Source records Start Marker

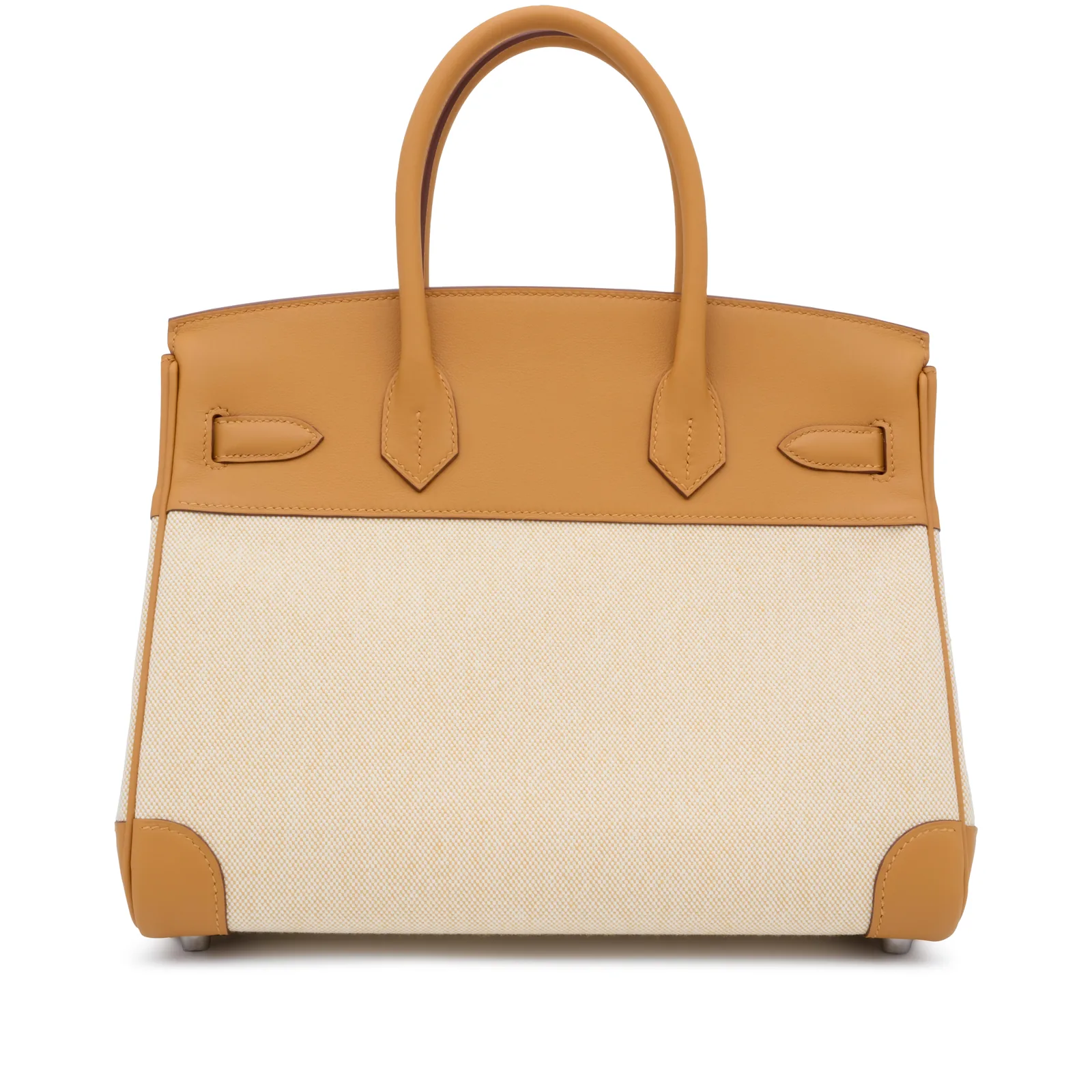 Hermès Birkin 30 Sesame Swift Palladium 2026 — view 4
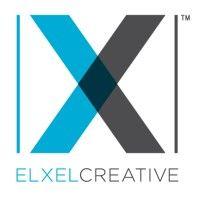 elxel creative logo image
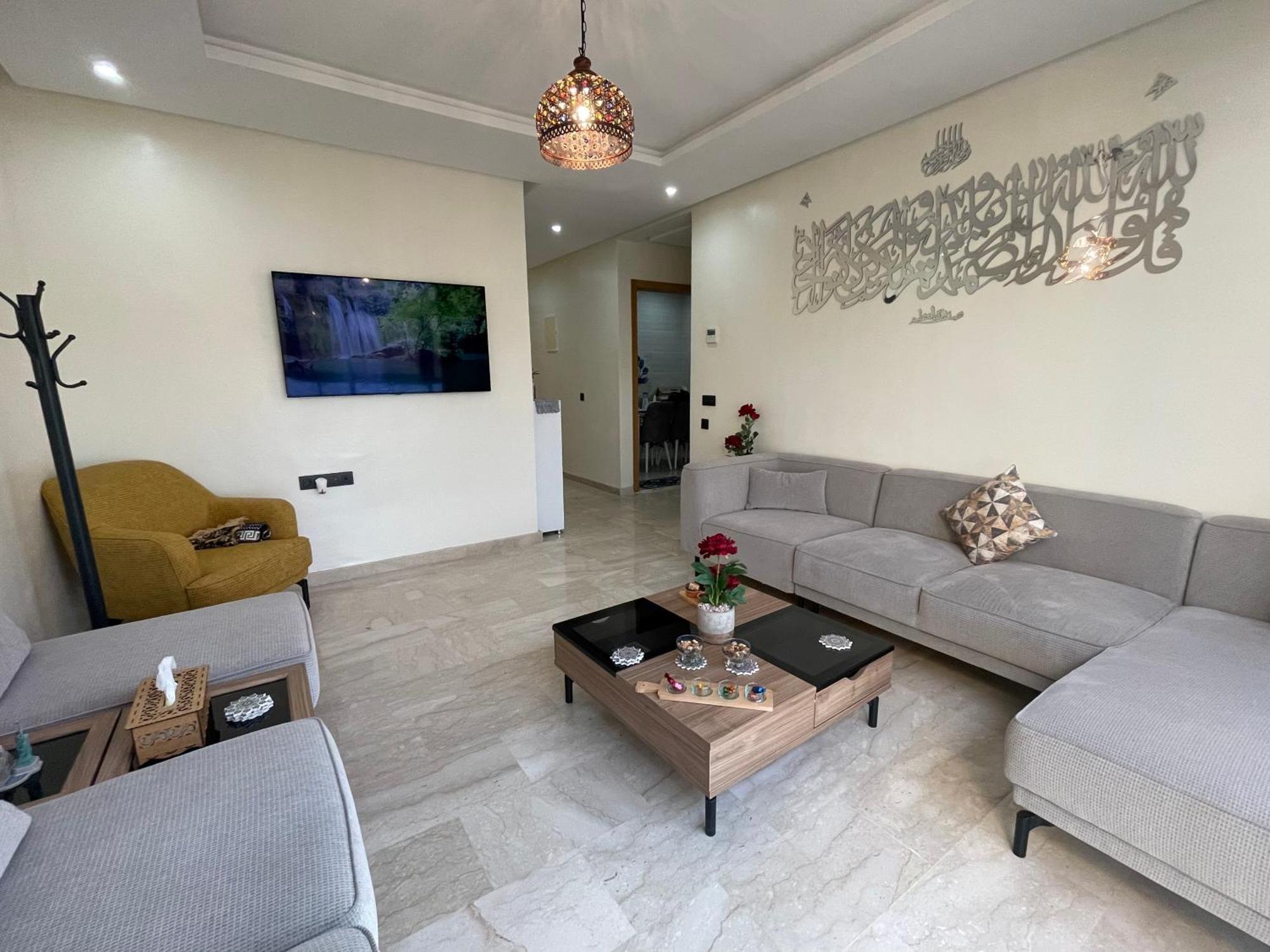 Luxury Apartment In Agadir Bay エクステリア 写真
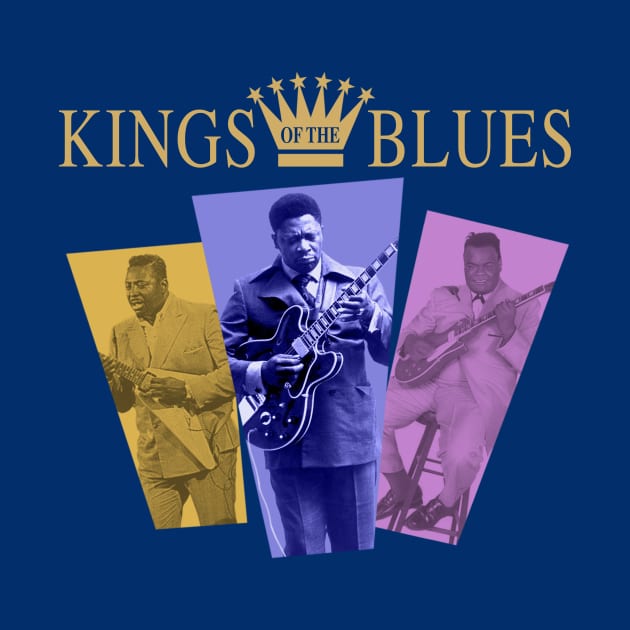 Kings Of The Blues by PLAYDIGITAL2020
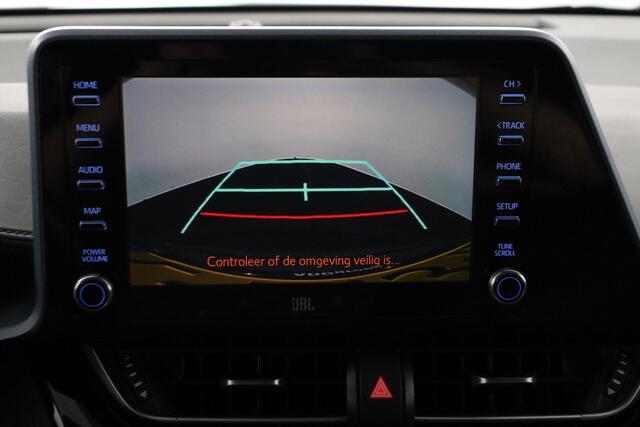 Toyota C-HR 2.0 Hybrid Style | Apple Carplay/Android Auto | JBL | Dodehoek detectie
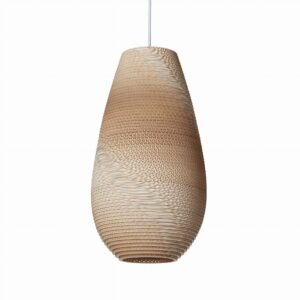 Lampa Wisząca Scraplight Drop blonde Graypants – Lampy wiszące | bihome.pl
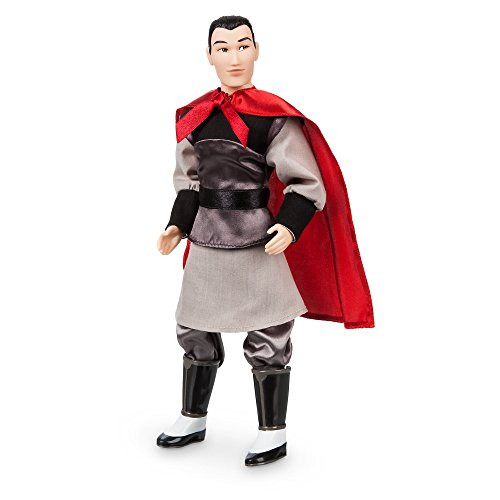 Disney Li Shang Classic Doll - Mulan - 12 Inch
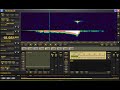 PERSEUS+DOWNCONVERTER ON 143.050 Mhz(LEONIDS) BY IV3MUR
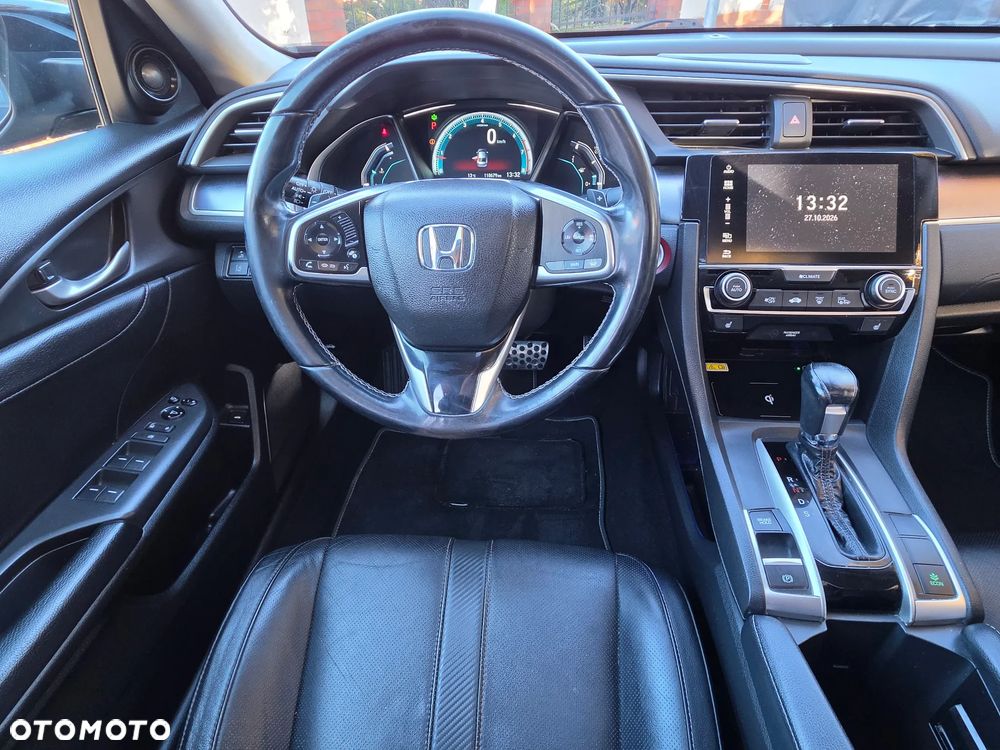 Honda Civic 1.5 T Sport Plus (Navi) - 10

Source records End Marker

Prompt ->
Exact repeats of the lines from the first one in the data through the line containing "Disney Li Shang" make up the answer. Pictures do not.

Your response ->
 Hermès Birkin 30 Sesame Swift Palladium 2026 — view 4
 elxel creative logo image
 Luxury Apartment In Agadir Bay エクステリア 写真
 Kings Of The Blues by PLAYDIGITAL2020
 Toyota C-HR 2.0 Hybrid Style | Apple Carplay/Android Auto | JBL | Dodehoek detectie
 Lampa Wisząca Scraplight Drop blonde Graypants – Lampy wiszące | bihome.pl
 Disney Li Shang Classic Doll - Mulan - 12 Inch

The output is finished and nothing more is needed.